Area Baptists in Boaz also are taking a stand against legalizing the sale of alcohol. According to Randall Stoner, director of missions for Marshall Baptist Association, the association is surrounded by counties that have voted to go wet. “We’re trying to stand on the Word and stand on our principles that this is not a good thing for the citizens of Boaz,” he said.
The association has purchased a half-page ad in the local paper encouraging people to vote Nov. 6. In addition, Stoner noted the city’s ministerial association, in coordination with other denominations in the area, is opposed to legalizing alcohol sales. Yard signs that advocate voting no on Nov. 6 are being used by members of First Baptist Church, Boaz, as well as members from several other Baptist churches and denominations in the city.

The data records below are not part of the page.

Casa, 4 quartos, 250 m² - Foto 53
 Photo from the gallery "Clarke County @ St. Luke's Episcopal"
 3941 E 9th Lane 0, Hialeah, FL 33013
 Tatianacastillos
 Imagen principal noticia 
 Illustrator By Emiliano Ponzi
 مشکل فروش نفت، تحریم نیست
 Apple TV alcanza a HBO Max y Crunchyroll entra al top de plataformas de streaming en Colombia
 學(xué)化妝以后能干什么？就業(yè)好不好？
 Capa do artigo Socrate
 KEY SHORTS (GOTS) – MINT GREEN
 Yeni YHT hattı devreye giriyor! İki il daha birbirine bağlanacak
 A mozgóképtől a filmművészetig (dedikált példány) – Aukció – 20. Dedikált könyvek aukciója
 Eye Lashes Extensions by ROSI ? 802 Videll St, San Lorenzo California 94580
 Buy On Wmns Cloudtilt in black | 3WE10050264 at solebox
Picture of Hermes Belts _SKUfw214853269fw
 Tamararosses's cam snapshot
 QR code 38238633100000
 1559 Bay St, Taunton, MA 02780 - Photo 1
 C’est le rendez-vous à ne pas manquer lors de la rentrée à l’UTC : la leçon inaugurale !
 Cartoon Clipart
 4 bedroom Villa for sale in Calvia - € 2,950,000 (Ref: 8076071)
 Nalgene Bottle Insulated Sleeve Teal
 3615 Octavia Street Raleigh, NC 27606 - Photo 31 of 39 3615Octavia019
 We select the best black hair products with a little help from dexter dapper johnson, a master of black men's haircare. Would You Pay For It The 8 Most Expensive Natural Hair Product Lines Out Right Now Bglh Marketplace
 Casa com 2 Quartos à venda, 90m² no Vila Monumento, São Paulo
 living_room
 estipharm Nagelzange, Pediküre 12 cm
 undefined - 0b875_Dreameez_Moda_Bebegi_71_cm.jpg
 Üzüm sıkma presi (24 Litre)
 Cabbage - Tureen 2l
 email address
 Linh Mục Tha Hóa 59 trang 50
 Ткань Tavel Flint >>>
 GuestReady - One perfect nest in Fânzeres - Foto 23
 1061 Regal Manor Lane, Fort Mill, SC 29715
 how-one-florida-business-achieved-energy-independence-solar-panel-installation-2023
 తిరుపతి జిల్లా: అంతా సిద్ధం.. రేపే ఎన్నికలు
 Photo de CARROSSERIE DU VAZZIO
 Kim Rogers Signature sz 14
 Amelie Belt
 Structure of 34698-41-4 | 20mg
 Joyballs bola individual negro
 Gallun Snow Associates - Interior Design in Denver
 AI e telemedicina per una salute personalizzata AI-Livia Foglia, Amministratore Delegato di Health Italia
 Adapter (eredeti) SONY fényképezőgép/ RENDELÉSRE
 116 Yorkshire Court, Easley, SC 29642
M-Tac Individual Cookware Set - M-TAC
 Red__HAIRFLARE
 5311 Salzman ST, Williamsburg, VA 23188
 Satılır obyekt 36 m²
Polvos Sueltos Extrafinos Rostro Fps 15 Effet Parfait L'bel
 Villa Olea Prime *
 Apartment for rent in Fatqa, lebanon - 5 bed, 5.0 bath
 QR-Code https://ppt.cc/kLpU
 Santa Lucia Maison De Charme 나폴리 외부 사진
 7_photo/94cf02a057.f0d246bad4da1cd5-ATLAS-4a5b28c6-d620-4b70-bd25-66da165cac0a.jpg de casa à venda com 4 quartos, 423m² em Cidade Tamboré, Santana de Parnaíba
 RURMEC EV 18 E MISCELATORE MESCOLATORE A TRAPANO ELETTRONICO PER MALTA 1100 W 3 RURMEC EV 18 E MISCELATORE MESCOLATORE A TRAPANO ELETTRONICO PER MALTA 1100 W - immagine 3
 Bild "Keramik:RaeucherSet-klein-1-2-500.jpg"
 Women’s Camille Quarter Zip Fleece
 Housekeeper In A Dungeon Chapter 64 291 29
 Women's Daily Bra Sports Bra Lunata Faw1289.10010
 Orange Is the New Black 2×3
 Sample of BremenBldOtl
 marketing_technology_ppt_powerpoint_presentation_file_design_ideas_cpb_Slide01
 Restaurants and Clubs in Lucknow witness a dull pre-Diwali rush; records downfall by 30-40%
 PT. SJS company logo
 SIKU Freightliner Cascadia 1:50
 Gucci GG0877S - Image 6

Boaz residents voted to stay dry two years ago, the last time the issue was on the ballot. According to the Sand Mountain Reporter, 55 percent of Boaz voters rejected legalizing alcohol sales in 2010.
And while the negative physical impacts of alcohol are to be considered when this issue comes up for a vote Nov. 6, there are other factors to consider as well, say those opposed to legalizing its sale.
According to ALCAP, for every $1 in revenue received from the sale of alcoholic beverages, Alabamians spend about $15 in social costs. Godfrey said that in 2006, the U.S. spent $223.5 billion in tackling alcohol-related problems. That figure includes items such as counseling, hospitals and emergency vehicles — all the things associated with “cleaning up the mess” alcohol leaves behind, Godfrey said.
Godfrey noted ALCAP’s website is full of data related to wet/dry issues. A link on ALCAP’s home page (www.alcap.com) titled “Wet/Dry Issues” is devoted specifically to the topic. “Go to that page and you will find all kinds of links with PDF files,” Godfrey said. There are even instructions on how to organize for a local option election to fight legalizing alcohol sales and various statistical information and resource materials for county and municipality use.
In addition to consulting with counties and municipalities that are fighting wet/dry elections, Godfrey said ALCAP also continues to lobby the Alabama Legislature to fight the passage of alcohol-liberalization bills.
Gipson said voters will have to decide what is right and wrong, pray and ask God to direct them on how to vote. “When all is said and done we’re going to continue to serve and do what we’re supposed to,” he said.